Inter IIT Sports Meet is the annual sports tournament of the Indian Institutes of Technology. It is organized in December, with the Aquatics events held separately in October. It is the longest running Inter-collegiate meet where all IITs participate having been held since 1961.

Sports and participating institutes 
Tournaments are held in 13 different sports, namely:
 Athletics
 Badminton
 Basketball
 Cricket
 Football
 Hockey
 Lawn tennis
 Squash
 Swimming
 Table tennis
 Volleyball
 Water polo
 Weightlifting

All the 23 IITs participating in the Inter-IIT Sports Meet:
 Indian Institute of Technology Bhilai
 Indian Institute of Technology Bhubaneshwar
 Indian Institute of Technology (BHU) Varanasi
Indian Institute of Technology Bombay
 Indian Institute of Technology Delhi
Indian Institute of Technology (Indian School of Mines) Dhanbad
Indian Institute of Technology Dharwad
 Indian Institute of Technology Gandhinagar
Indian Institute of Technology Goa
 Indian Institute of Technology Guwahati
Indian Institute of Technology Hyderabad
Indian Institute of Technology Indore
Indian Institute of Technology Jammu
Indian Institute of Technology Jodhpur
 Indian Institute of Technology Kanpur
 Indian Institute of Technology Kharagpur
 Indian Institute of Technology Madras
 Indian Institute of Technology Mandi
Indian Institute of Technology Palakkad
 Indian Institute of Technology Patna
 Indian Institute of Technology Roorkee
 Indian Institute of Technology Ropar
 Indian Institute of Technology Tirupati

History 
The proposition for an Inter IIT Sports Meet was brought up in 1961, and IIT Bombay hosted the first ever Inter IIT Sports Meet. Only five IITs were in existence then, namely IIT Bombay, IIT Madras, IIT Kharagpur, IIT Kanpur and IIT Delhi; who competed in five sports only.

History and winners

IITs with most overall wins 

The Meet in 1971 was cancelled due to the India-Pakistan war, while the one in 1992 was to be held at IIT Bombay but was cancelled owing to the communal riots in Mumbai. 
The 2015 meet that was supposed to be held at IIT Madras was washed out due to unpredictable rains.

Recent championships

49th Inter IIT Sports Meet 2013  
The 49th Inter IIT Sports Meet was held at IIT Guwahati from 16 to 23 December 2013. MC Mary Kom launched her autobiography Unbreakable during the ceremony; along with former Miss Universe and Hindi film actress Sushmita Sen.
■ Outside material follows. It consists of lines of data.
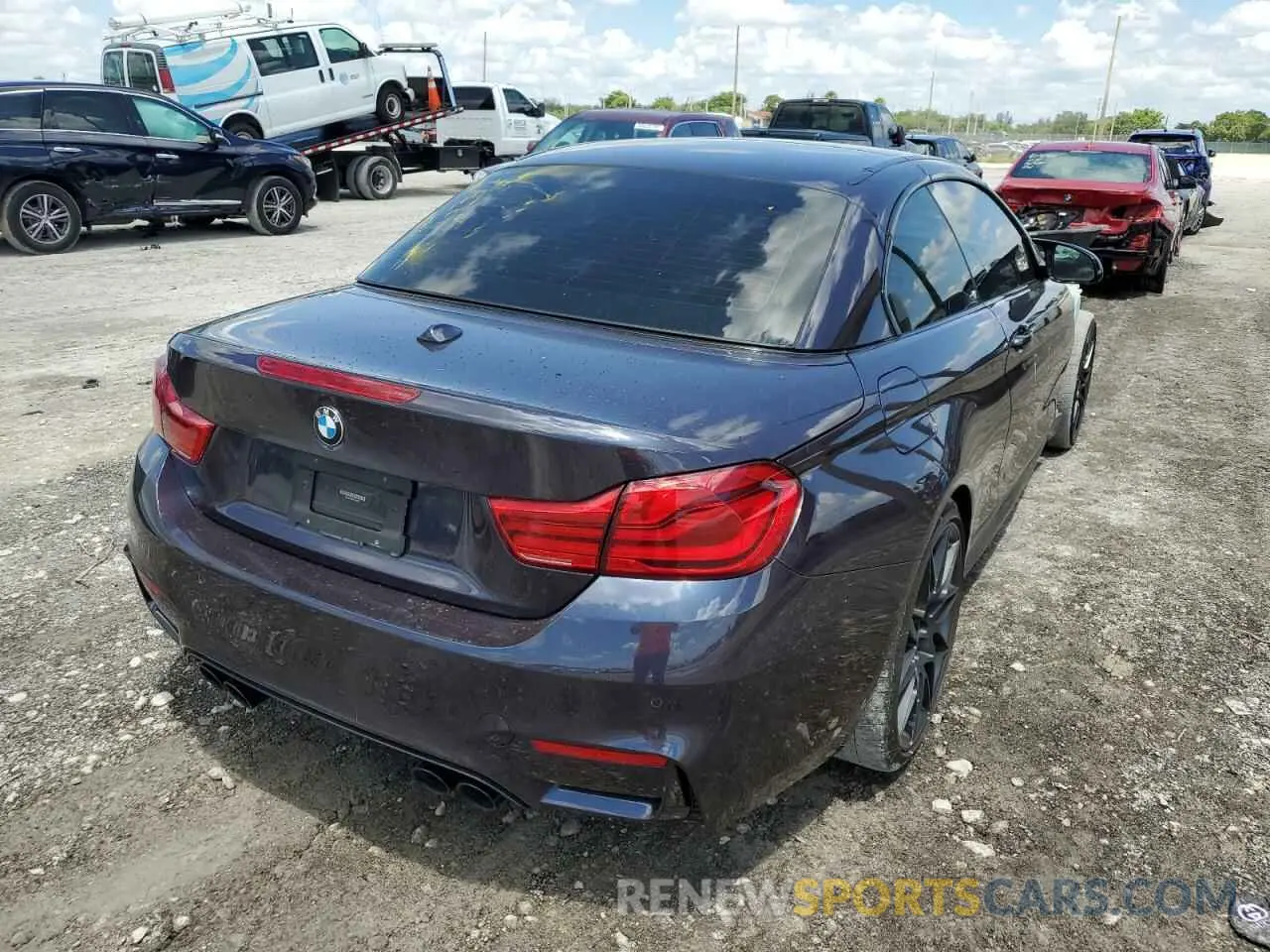 4 Photograph of a damaged car WBS4Z9C52KEJ63539 BMW M4 2019
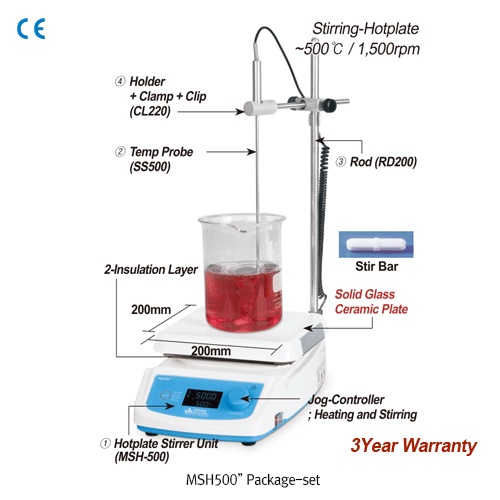 Máy khuấy từ gia nhiệt, nhiệt độ cao 500℃ “MaXtirTM MSH500” DH.WMH00500 3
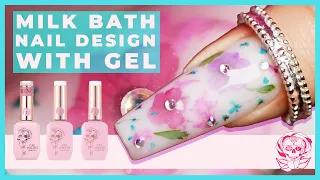 Milk Bath Nail Design in Gel Polish?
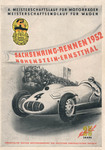 Programme cover of Sachsenring, 07/09/1952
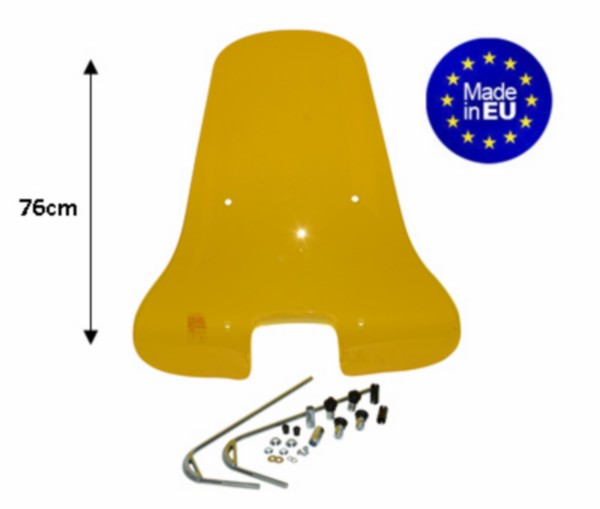 windscherm hoog + bev. set (made in EU) vespa S 76cm geel (zie internet opmerkin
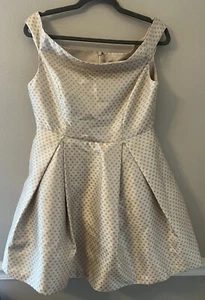Ark & Co Anthropologie Mid Century Polka Dot Dress Size L - Picture 1 of 3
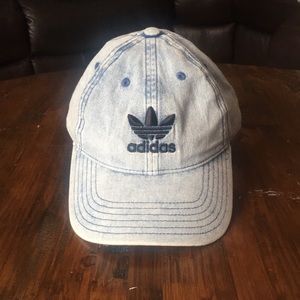 Adidas denim hat. Adjustable
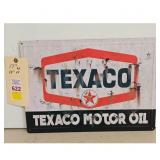 Vintage Texaco Motor Oil Metal Sign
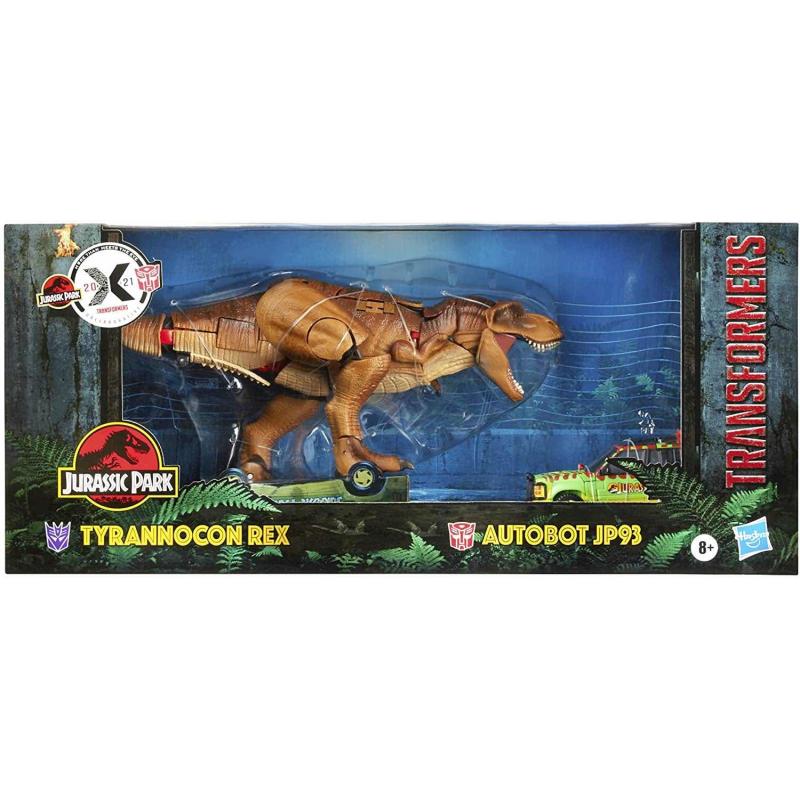 Figuras hasbro tyrannocon rex + autobot jp93 pack 2 transformers collaborative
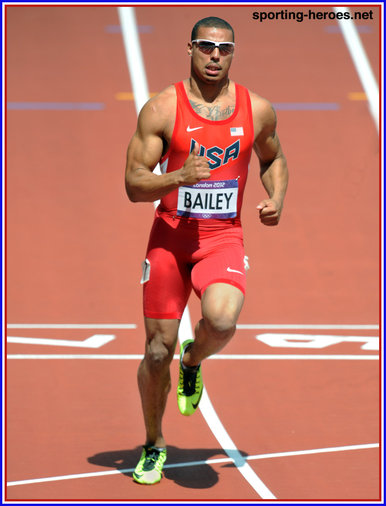 Ryan BAILEY - U.S.A. - 2012 Olympics 5th 100m.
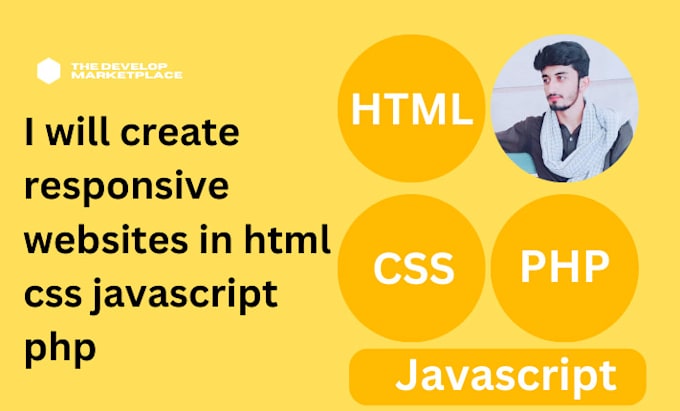 Create responsive websites in html css javascript php by Fahad4772 | Fiverr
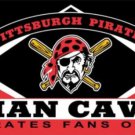 Pittsburgh Pirates Man Cave Flag 3X5Ft Banner USA Polyester with Brass Grommets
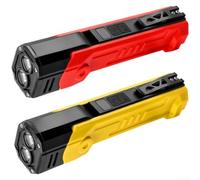 Dual LED Work Light 19cm 180° Rotatable Head | 2 XTE plus 20 COB LEDs, white and red modes, 180-degree rotation, ideal for detailed tasks(Yellow)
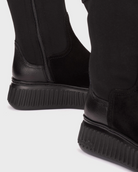 Wonders Black Stretch Boots A-5207 Negro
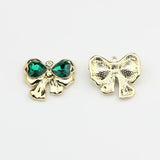 Crystal Bow Tie Charms 6pcs/lot DIY Jewelry Making Finding Accessories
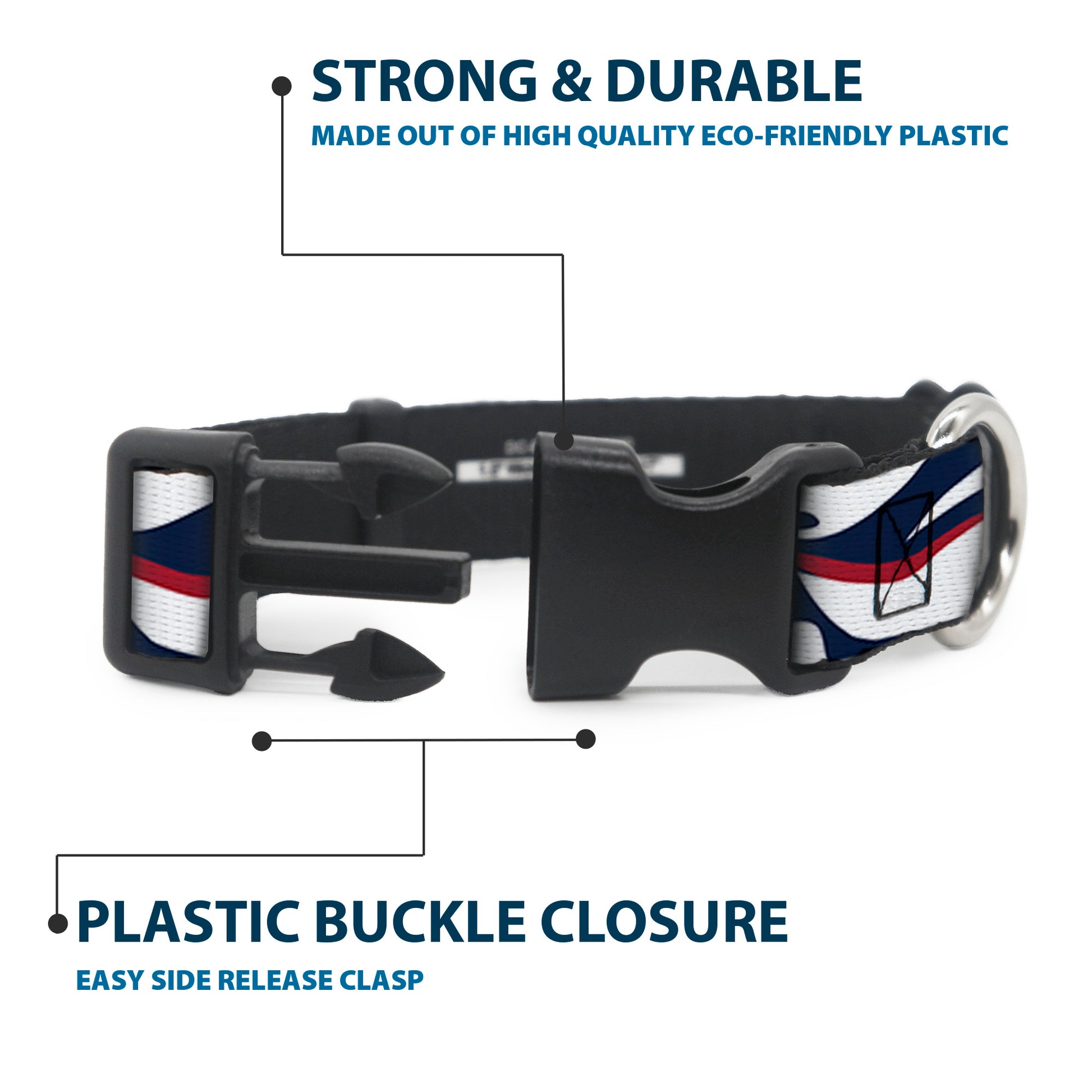 Plastic Clip Collar - William Byron #24 Car Scheme White/Red/Blue Plastic Clip Collars Hendrick Motorsports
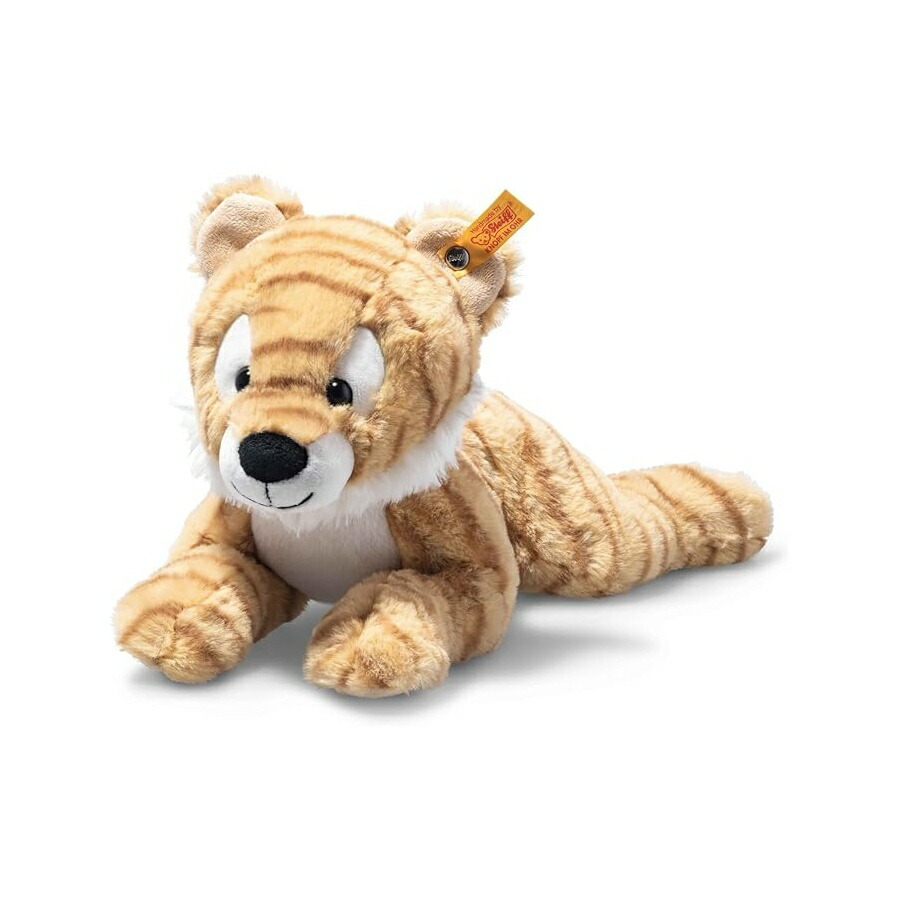 シュタイフ Steiff ホンブルグ帽 カドリー フレンズ トニ 虎 12in ぬいぐるみ Soft Cuddly Friends Toni Tiger, 12\" Plush Toy"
The mascot for the 49th Inter IIT was Bhaiti, a bamboo. Inspired by the slenderness and strength of its namesake plant, Bhaiti was designed by Thomas G. Manih, a student of (IITG)IIT Guwahati, under the guidance of Dr. D. Udaya Kumar, who is credited with designing the Indian Rupee sign.

IIT Kanpur emerged as the winners of the General Championship in the Men's tournament, while IIT Roorkee won the Women's General Championship.

50th Inter IIT Sports Meet 2014  

The Golden Jubilee edition of the Inter IIT Sports Meet was hosted by IIT Bombay in October and December 2014. The Inter IIT Aquatics Meet took place during 1–4 October 2014. The Opening Ceremony of that was graced by the presence of Virdhawal Khade. The 50th Inter IIT Sports Main Meet took place during 12–19 December 2014 at the IIT Bombay campus. The Opening Ceremony of that was graced by the presence of Cricket legend Sachin Tendulkar. The institute has undertaken massive renovations of the play fields in anticipation of the meet.
Sachin gave the most anticipated address of that day. The last time IIT Bombay hosted an Inter IIT Sports Meet was in 2007, as a part of the Golden Jubilee celebrations of the institute.
IIT Kanpur declared as the overall champions, winners of the General Championship in the Men's tournament and second in the Women's Championship, while IIT Bombay won the Women's General Championship.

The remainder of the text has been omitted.